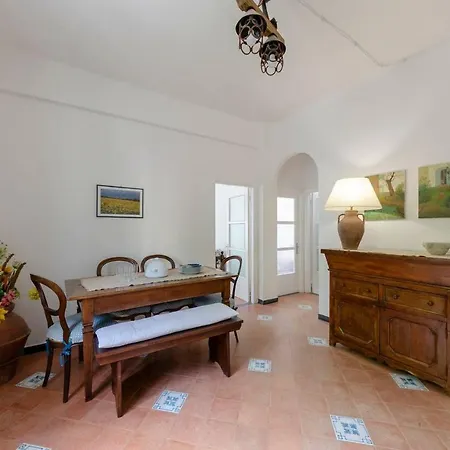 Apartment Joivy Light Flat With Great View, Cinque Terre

- - -

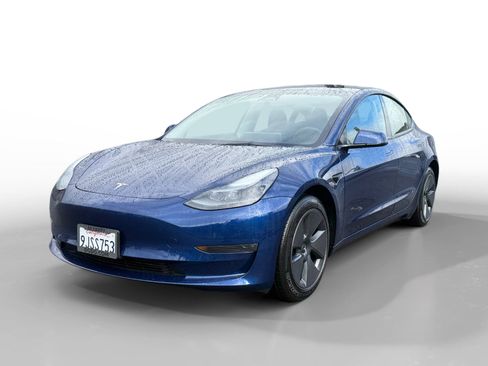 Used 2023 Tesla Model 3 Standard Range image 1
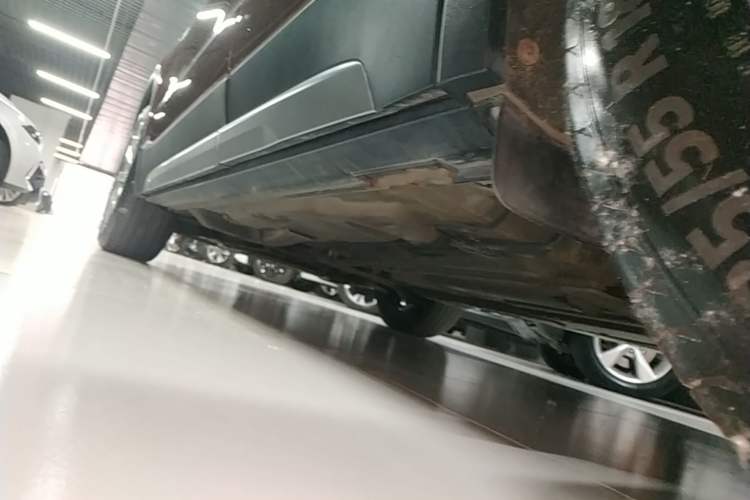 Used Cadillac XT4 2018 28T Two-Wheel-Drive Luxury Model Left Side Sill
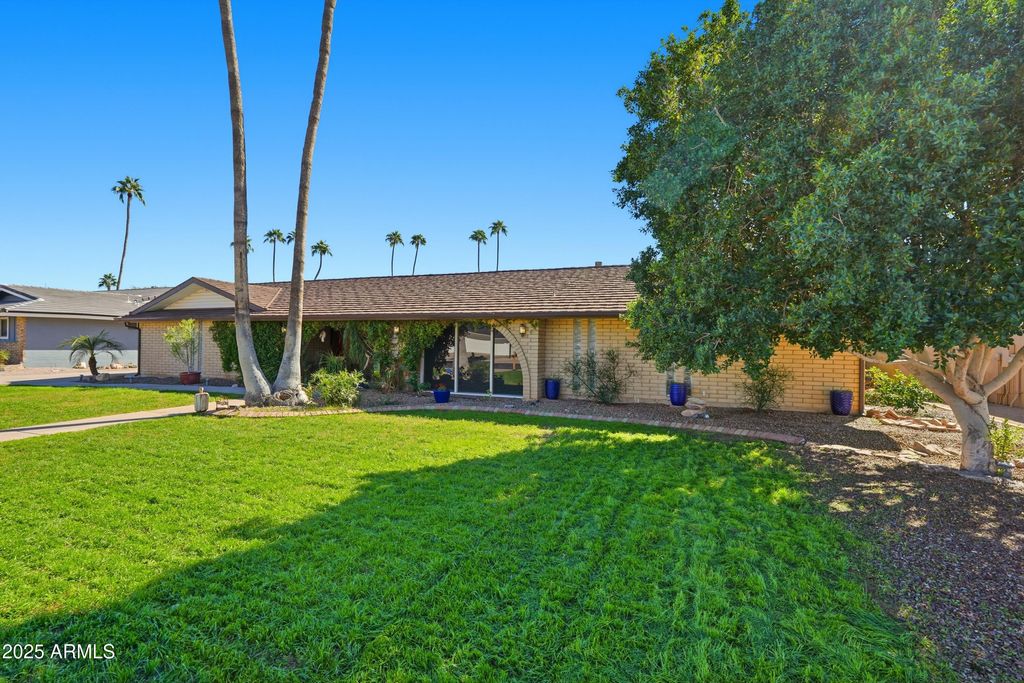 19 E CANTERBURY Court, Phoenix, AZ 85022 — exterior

- - -

What the task requires
Nothing but the lines above from the one that has "Used 2023 Tesla" down to the one that has "19 E CANTERBURY" belongs in the answer, copied exactly, without pictures.

Exercise response
 Used 2023 Tesla Model 3 Standard Range image 1
 Used Cadillac XT4 2018 28T Two-Wheel-Drive Luxury Model Left Side Sill
 19 E CANTERBURY Court, Phoenix, AZ 85022 — exterior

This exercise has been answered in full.